### Material for this exercise
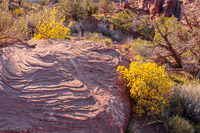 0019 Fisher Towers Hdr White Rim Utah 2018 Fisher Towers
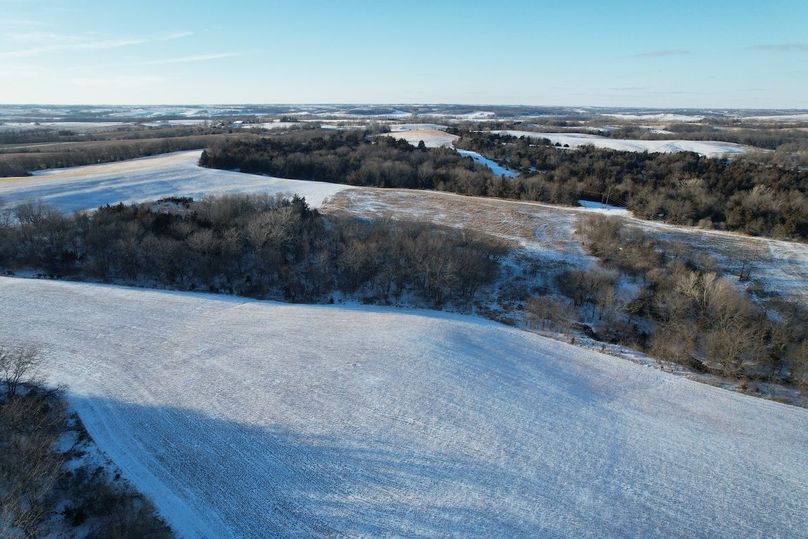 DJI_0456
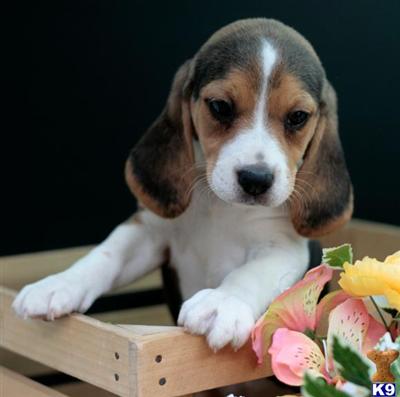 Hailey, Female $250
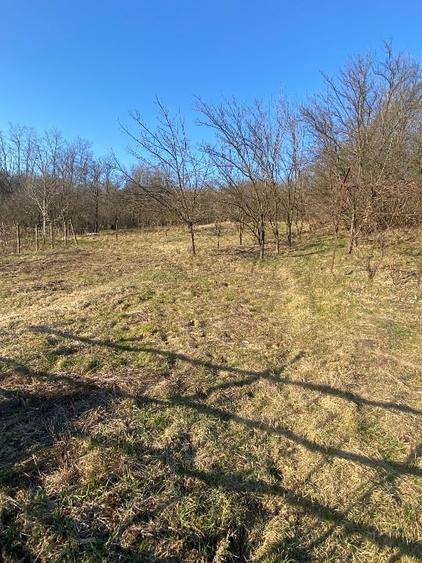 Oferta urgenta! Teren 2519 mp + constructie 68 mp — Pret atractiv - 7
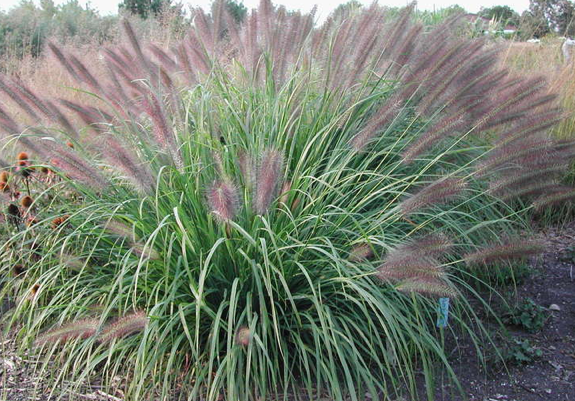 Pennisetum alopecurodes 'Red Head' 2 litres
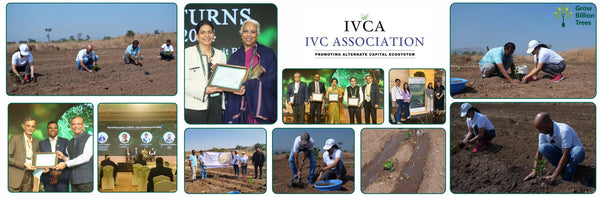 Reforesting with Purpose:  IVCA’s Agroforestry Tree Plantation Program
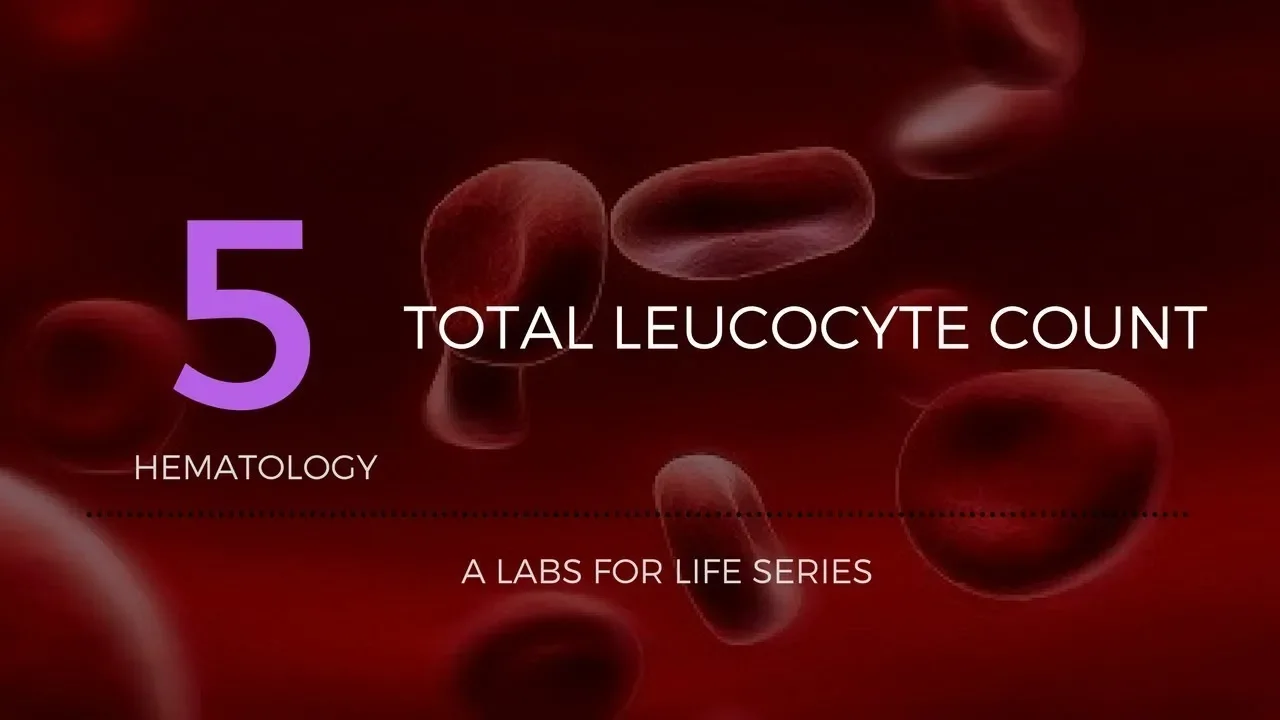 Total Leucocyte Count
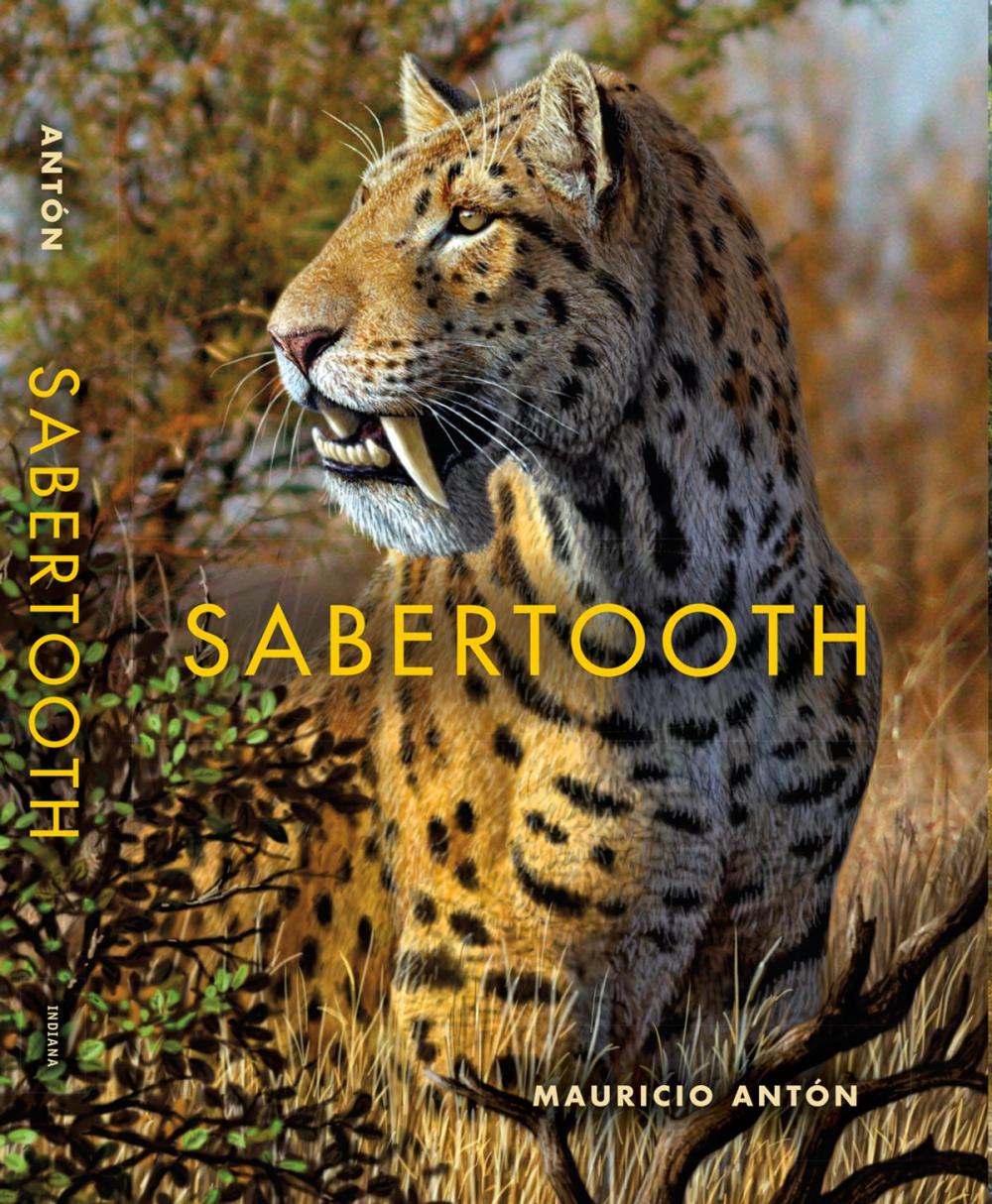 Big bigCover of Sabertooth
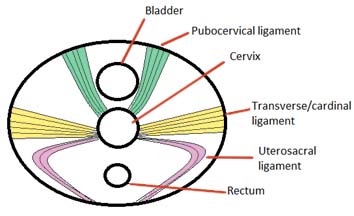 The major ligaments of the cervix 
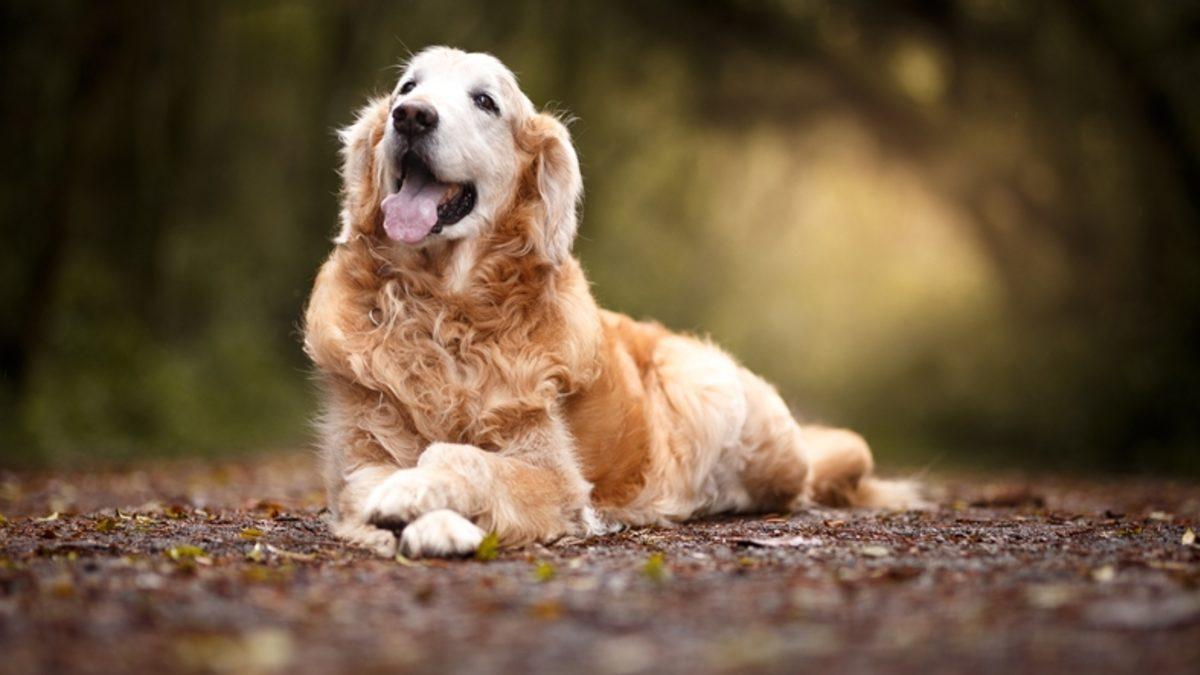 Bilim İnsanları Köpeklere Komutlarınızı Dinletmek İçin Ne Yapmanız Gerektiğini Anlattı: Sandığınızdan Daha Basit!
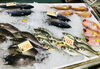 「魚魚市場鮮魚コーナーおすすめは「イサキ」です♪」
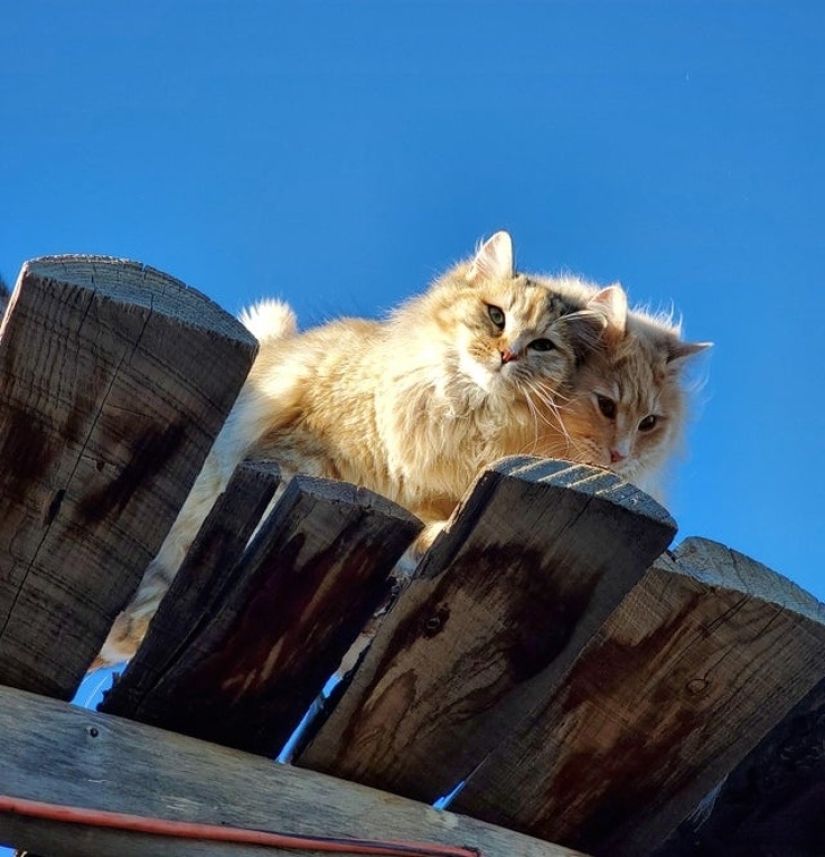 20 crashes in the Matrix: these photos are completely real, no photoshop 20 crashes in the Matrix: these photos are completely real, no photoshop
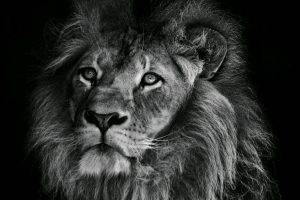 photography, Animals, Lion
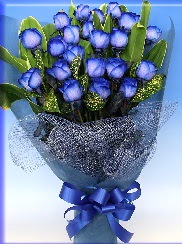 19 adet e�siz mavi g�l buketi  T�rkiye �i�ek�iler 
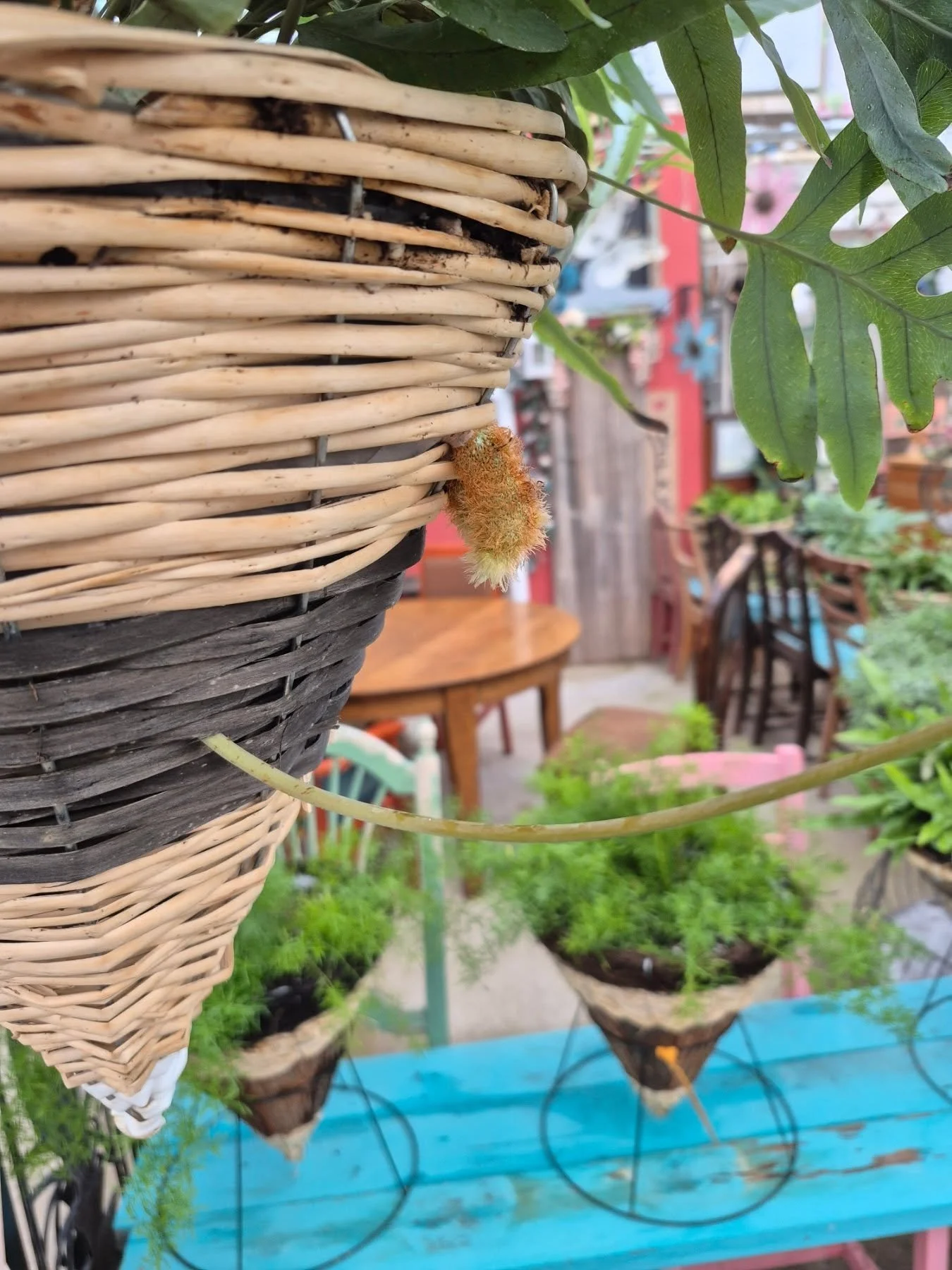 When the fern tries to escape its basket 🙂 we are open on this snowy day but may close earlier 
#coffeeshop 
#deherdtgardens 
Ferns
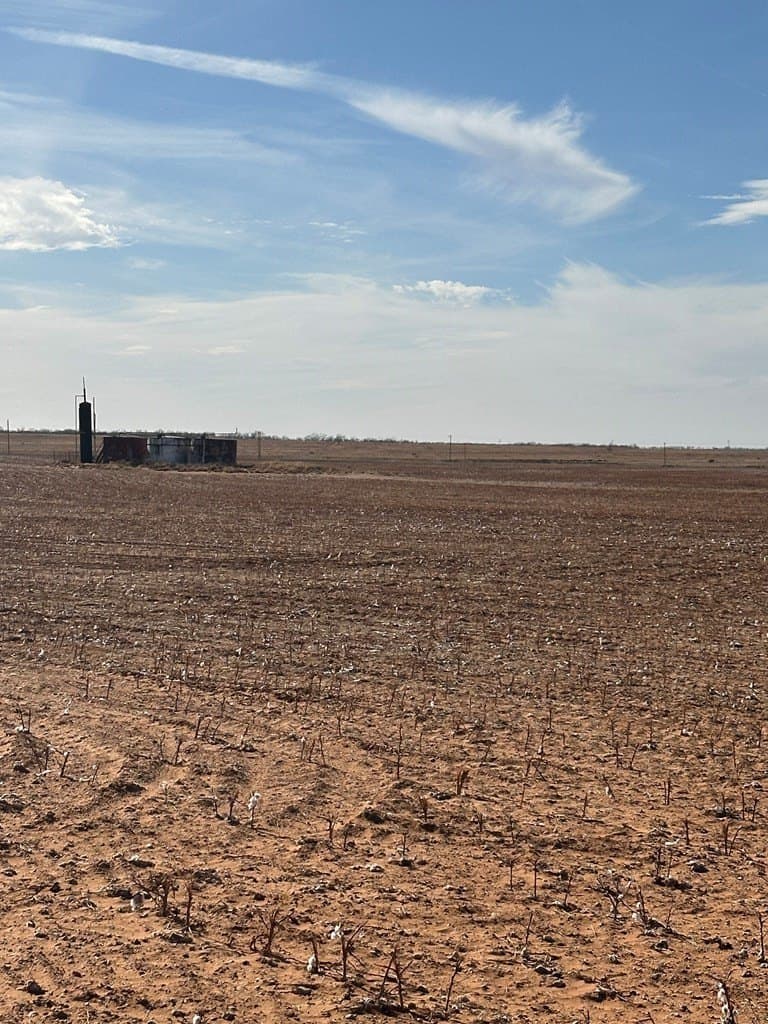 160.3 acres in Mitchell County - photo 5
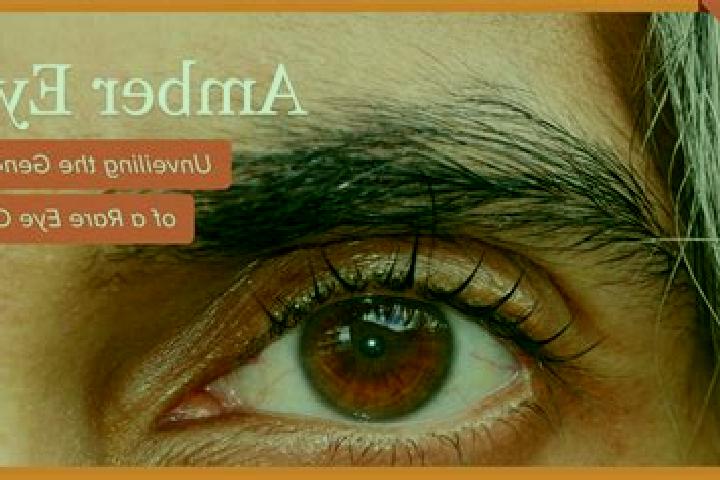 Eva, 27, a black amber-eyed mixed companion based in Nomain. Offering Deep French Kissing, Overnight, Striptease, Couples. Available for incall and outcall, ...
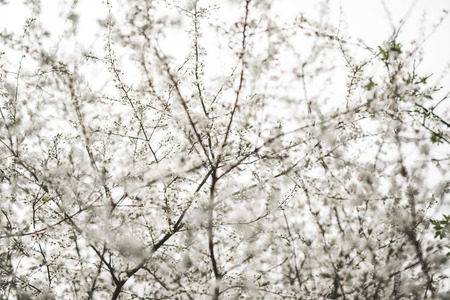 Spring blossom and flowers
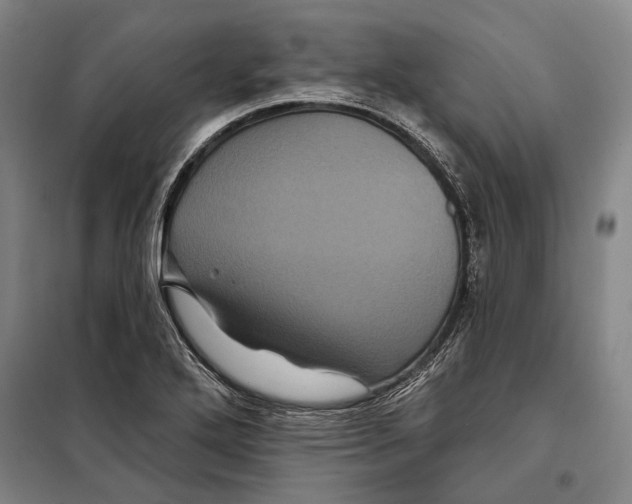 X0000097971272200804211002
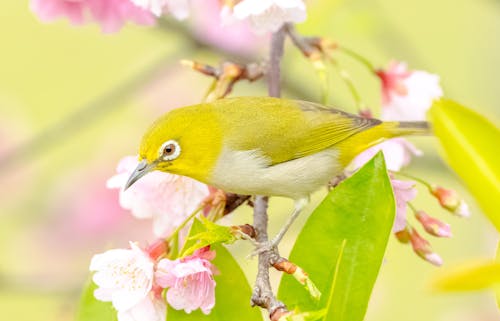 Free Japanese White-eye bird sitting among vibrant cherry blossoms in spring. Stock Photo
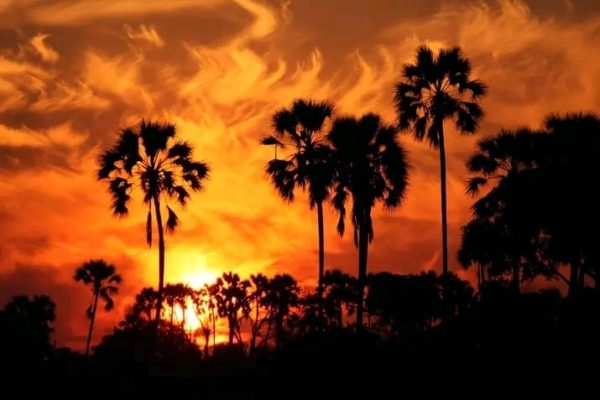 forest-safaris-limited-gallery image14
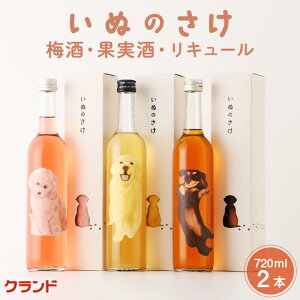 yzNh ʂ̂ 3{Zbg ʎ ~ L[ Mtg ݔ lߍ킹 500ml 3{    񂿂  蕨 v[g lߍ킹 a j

### Task
Reproduce precisely the lines of the entries above, from the one containing "X0000097971272200804211002" through the final one, both ends included, and omit the pictures.

### Written reply
 X0000097971272200804211002
 Free Japanese White-eye bird sitting among vibrant cherry blossoms in spring. Stock Photo
 forest-safaris-limited-gallery image14
 yzNh ʂ̂ 3{Zbg ʎ ~ L[ Mtg ݔ lߍ킹 500ml 3{    񂿂  蕨 v[g lߍ킹 a j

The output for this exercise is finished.